Friends make pretense of following to the grave,
But before one is in it, their minds are turned
And making the best of their way back to life
And living people, and things they understand.
(Robert Frost, 'Home Burial')
A short while ago we visited some friends for a meal. This was within the rules in Germany. Wary of infection yet desperate for dialogue, we intended to barbecue – until the rain drove us in. There was heightened conviviality after months of isolation. No handshaking or hugs, to be sure, but once we got going the 1.5 metre rule flew out of the window, leaving any aerosols behind it.
Meanwhile in town it seemed nothing had ever been amiss. Barely a mask in sight, congregations of laughing youngsters, groups of men smoking, queues outside the ice-cream parlours. They must have heard the good tidings: "From the summer, a gradual recovery should get going, making for 4.9% growth in 2021", the German Council of Economic Experts, also known as the "Five Sages", had announced.
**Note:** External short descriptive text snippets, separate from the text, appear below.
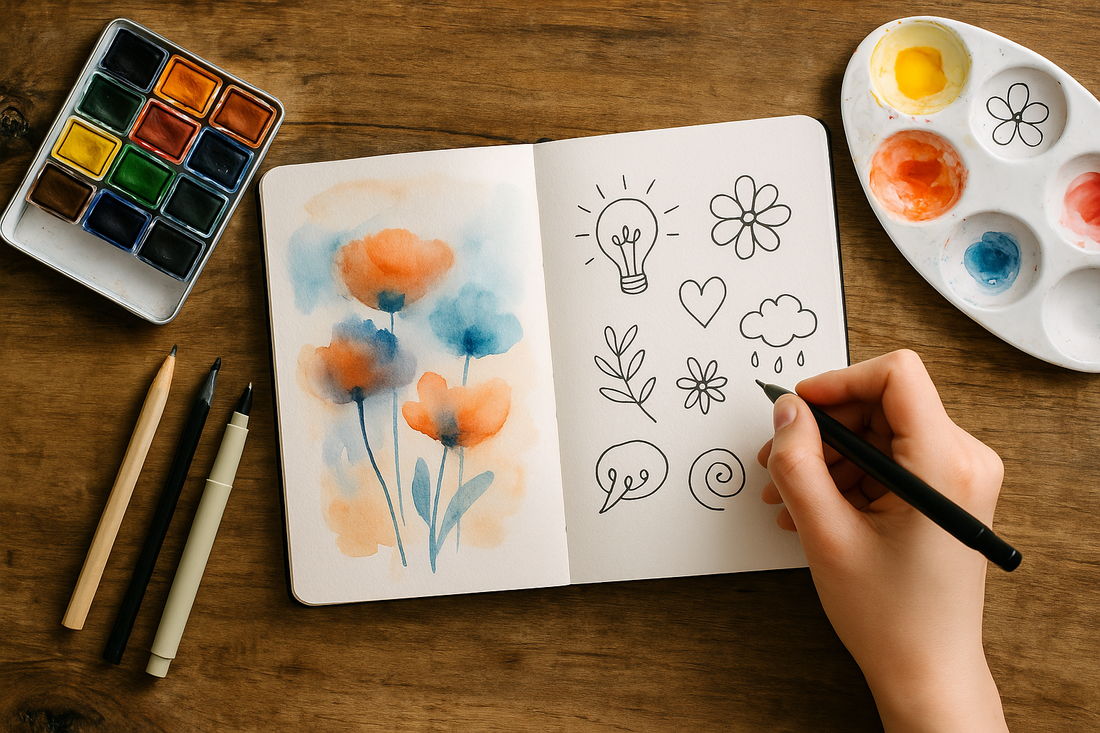 An open sketchbook on a wooden table featuring orange and blue watercolour flowers on one page and black ink doodles on the other, with painting tools scattered around.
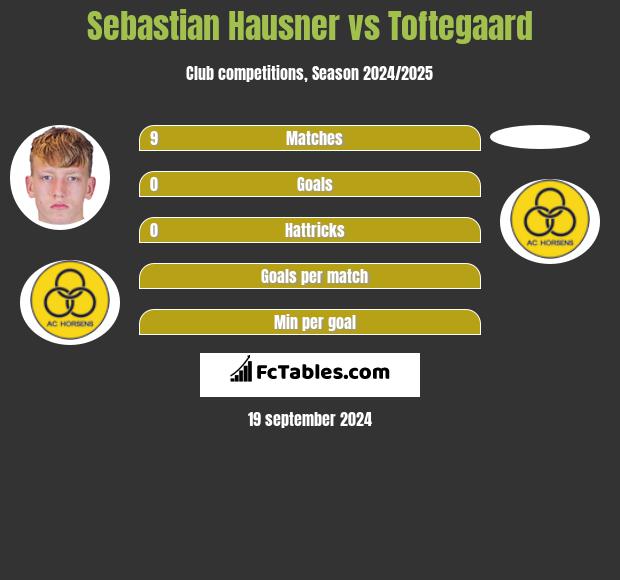 Sebastian Hausner vs Toftegaard h2h player stats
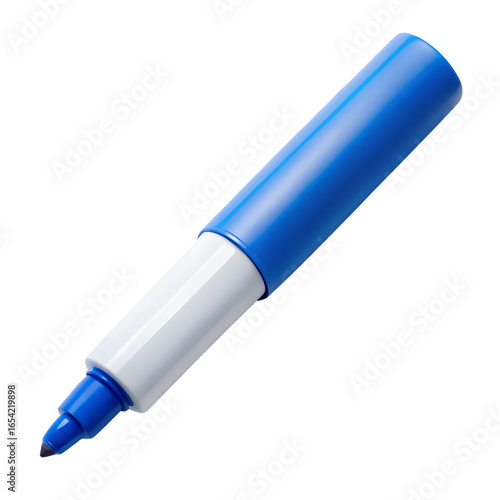 Blue whiteboard marker isolated on transparent background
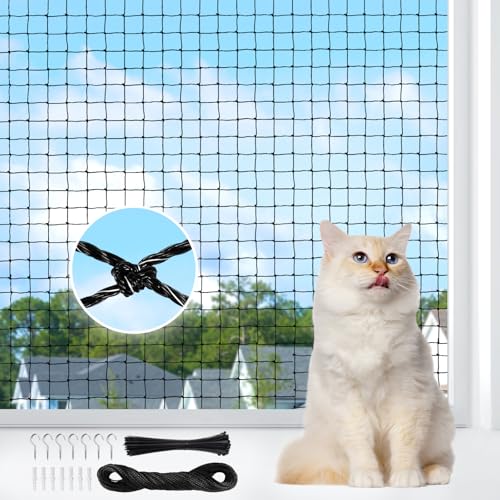 AQhui Katzennetz für Balkon, Balkonnetz 4x3m, Katzennetze Drahtverstärkt Transparent, Katzenschutznetz, Taubennetz Ohne Bohren, Katzen Netz Schwarz Gilt terrasse, Fenster und Flure AQhui Katzennetz für Balkon, Balkonnetz 4x3m, Katzennetze Drahtverstärkt Transparent, Katzenschutznetz, Taubennetz Ohne Bohren, Katzen Netz Schwarz Gilt terrasse, Fenster und Flure von AQhui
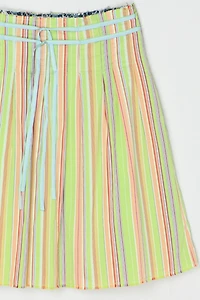 Vintage Y2k Light Green Striped Mini Skirt with Ties & Raw Edges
Does the coronavirus listen much to sages? “The virus is still in our country", says Lothar Wieler, president of the Robert Koch Institute, "and if we give it a chance to spread, it will take it”. Yesterday the German R-rate rose to 2.88. This morning a regional lockdown was re-imposed in the federal state of North Rhine-Westphalia, whose premier, Armin Laschet, has been among the more voluble accelerators of a "return to normality". He wants to succeed Mrs Merkel at the CDU party conference in December.
By December, according to UNICEF, the effects of coronavirus could force another 100 million children in South Asia into poverty. There is relief as we make our way "back to life" (Robert Frost) – but an uncanny sense of obscenity too. The loved ones of some 470,000 victims of the pandemic are in mourning. With so much grief, what space for joy? But was it not ever thus? Or when did the bad old days end? And what of the much-invoked "return to normality"? How do we get there? Is it in the past or future, and how far away?
I decided to consult a map. A friend had phoned and suggested a walk in the forest. After treatment for cancer during the corona crisis he is now in remission, savouring the joys of survival. The map showed me that the road he had proposed cut out of town and swept along the edge of the woods in a series of deepening loops. Among the trees I saw footpaths but, curiously, no breach between road and forest. The mapped loops were like jostling bubbles, or clusters of cells pressing on an organ, or a representation of time in which the insistent past makes inroads into the present, its palpable pressure contained only by a thin membrane. The unity of time, place and social relations is more complex than Special Relativity. An image, a sound, a word, apparently arbitrary, may trigger the involuntary piercing of a membrane that separates us from otherwise remote events.
"Social distancing" for example (since 24 March the WHO has asked us to call the distance "physical"), may return us to various forms of segregative "normality" we have known. Set the clocks to 1960. I remember three separate Churches for the 700 souls in our village. On my first day at primary school I was asked if I supported Rangers or Celtic. Innocent of the consequences, I asked my father. He said Rangers was the correct answer; though unreligious himself, he knew his place was on the Presbyterian side of the West of Scotland sectarian abyss. Catholics and Irish were out of bounds. "Tinkers" (travellers or gypsies) were objects of abuse and, not infrequently, violence. I remember a loved person telling me to take a coin out of my mouth because a "black man" could have touched it. Of course these sectarian and racist chasms were buttressed by conventional class and sexual distancing (the pill had not yet arrived). Children were quite a different species from adults, and women from men. The picture emerges of a kind of karstic social landscape, riven by fissures and sinkholes. Social distancing was rife in 1960. This was normality, therefore largely unaddressed.
It is difficult to describe the widespread sadness reported by people in various kinds of social confinement today. We might however consider it as the result of disrelation under conditions of segregation. Allow me to cite two witnesses with experience of the West of Scotland "karst". According to R.D. Laing, whose major work The Divided Self was published in the year I entered primary school, “What we call ‘normal’ is a product of repression, denial, splitting, projection, introjection and other forms of destructive action on experience.” The philosopher John Macmurray, who published Persons in Relation a year later in 1961, also described a probable cause of confinement sadness. "The personal", he writes, "is constituted by personal relatedness. The unit of the personal is not the "I", but the 'You and I'". The isolated, segregated, or otherwise non-relating personality is therefore a painfully divided and diminished entity.
If we must "return to normality", let us walk in relation. Multi-insular virtual contact has nothing on responsible personal community.